What you are asked to do:
Take the data below and filter it for lines containing the word "Winter"; show each line found.

Input material:
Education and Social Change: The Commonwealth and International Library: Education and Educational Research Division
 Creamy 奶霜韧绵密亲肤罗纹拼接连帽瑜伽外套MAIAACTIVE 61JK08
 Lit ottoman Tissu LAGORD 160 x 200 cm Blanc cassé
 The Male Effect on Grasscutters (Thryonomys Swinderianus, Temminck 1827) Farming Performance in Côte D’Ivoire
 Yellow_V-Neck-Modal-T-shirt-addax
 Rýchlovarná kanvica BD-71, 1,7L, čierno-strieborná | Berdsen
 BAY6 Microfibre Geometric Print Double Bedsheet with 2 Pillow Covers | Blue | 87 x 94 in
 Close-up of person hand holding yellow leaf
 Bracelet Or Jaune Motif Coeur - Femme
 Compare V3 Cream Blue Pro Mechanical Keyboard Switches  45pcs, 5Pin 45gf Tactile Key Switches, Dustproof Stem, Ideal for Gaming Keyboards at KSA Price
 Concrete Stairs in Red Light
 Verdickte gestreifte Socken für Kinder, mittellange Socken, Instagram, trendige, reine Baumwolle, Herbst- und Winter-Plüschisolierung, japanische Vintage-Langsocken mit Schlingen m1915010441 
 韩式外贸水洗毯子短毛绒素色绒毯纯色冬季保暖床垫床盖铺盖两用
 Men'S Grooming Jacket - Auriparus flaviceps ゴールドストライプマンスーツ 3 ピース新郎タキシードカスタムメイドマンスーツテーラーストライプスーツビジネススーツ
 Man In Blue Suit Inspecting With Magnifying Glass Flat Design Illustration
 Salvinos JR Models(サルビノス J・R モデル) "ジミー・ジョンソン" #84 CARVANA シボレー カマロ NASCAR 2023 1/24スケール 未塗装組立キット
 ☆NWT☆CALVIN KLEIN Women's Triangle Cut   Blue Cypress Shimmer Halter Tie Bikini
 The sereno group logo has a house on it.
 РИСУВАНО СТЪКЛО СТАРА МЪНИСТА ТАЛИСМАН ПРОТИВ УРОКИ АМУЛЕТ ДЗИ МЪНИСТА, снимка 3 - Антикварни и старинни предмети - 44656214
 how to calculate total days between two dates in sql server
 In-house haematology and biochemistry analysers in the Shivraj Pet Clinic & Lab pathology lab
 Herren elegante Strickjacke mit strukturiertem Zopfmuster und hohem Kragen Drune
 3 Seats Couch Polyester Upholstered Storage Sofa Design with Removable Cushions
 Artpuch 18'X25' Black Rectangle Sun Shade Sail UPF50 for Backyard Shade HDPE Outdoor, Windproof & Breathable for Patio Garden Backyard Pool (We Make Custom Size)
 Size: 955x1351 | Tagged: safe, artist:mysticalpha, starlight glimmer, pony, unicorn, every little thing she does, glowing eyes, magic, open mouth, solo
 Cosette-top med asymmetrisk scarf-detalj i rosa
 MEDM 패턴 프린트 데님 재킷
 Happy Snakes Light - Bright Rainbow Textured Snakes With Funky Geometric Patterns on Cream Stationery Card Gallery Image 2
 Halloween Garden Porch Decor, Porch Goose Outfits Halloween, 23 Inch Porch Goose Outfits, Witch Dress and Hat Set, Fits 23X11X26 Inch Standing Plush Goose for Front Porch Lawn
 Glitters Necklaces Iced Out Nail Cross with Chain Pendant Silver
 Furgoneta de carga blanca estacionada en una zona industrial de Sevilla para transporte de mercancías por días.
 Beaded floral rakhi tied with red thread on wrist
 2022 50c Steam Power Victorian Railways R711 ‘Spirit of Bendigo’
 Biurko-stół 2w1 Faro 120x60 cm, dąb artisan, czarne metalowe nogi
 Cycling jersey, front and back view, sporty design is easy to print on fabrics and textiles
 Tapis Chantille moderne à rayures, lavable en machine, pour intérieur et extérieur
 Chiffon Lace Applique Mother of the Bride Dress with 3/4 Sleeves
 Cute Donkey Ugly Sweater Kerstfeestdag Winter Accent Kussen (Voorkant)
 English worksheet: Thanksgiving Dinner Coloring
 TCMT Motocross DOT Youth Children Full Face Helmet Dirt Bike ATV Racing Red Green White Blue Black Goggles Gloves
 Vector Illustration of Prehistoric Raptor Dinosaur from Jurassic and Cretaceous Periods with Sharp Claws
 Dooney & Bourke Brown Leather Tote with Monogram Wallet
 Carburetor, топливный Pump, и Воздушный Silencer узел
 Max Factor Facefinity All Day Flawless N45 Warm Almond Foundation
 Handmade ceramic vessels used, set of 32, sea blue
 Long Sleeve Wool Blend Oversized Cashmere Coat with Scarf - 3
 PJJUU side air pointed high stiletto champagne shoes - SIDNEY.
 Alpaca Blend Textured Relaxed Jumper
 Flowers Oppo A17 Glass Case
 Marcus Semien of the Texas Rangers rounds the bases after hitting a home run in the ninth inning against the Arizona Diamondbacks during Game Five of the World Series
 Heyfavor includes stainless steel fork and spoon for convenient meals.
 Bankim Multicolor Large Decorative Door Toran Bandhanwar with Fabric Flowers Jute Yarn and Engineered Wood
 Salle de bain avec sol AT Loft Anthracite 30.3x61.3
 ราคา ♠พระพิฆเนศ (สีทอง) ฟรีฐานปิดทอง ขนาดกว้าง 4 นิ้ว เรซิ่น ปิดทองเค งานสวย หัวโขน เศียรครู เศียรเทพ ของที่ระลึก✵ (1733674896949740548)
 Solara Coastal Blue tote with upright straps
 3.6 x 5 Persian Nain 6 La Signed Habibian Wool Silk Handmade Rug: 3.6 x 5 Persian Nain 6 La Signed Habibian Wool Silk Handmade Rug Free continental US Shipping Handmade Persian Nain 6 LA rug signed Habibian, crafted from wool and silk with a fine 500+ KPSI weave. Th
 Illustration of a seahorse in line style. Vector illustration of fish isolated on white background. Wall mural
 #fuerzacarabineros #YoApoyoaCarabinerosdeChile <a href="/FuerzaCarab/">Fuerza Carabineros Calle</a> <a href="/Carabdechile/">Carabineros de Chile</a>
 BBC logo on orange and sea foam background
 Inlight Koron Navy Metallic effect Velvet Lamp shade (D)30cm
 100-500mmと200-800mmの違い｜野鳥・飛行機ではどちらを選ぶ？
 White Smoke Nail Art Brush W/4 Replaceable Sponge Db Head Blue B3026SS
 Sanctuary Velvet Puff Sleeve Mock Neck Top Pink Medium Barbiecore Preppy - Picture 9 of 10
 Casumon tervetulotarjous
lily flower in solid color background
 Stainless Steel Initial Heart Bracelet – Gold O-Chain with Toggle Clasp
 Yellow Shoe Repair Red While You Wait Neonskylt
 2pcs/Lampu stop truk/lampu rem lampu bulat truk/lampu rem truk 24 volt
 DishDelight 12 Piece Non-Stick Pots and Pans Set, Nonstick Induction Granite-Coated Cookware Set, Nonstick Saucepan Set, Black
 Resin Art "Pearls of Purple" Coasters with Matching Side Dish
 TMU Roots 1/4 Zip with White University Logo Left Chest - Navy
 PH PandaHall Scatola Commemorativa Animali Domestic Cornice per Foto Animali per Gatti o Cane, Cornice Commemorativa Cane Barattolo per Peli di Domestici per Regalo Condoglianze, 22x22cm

Response to the task:
 Verdickte gestreifte Socken für Kinder, mittellange Socken, Instagram, trendige, reine Baumwolle, Herbst- und Winter-Plüschisolierung, japanische Vintage-Langsocken mit Schlingen m1915010441 
 Cute Donkey Ugly Sweater Kerstfeestdag Winter Accent Kussen (Voorkant)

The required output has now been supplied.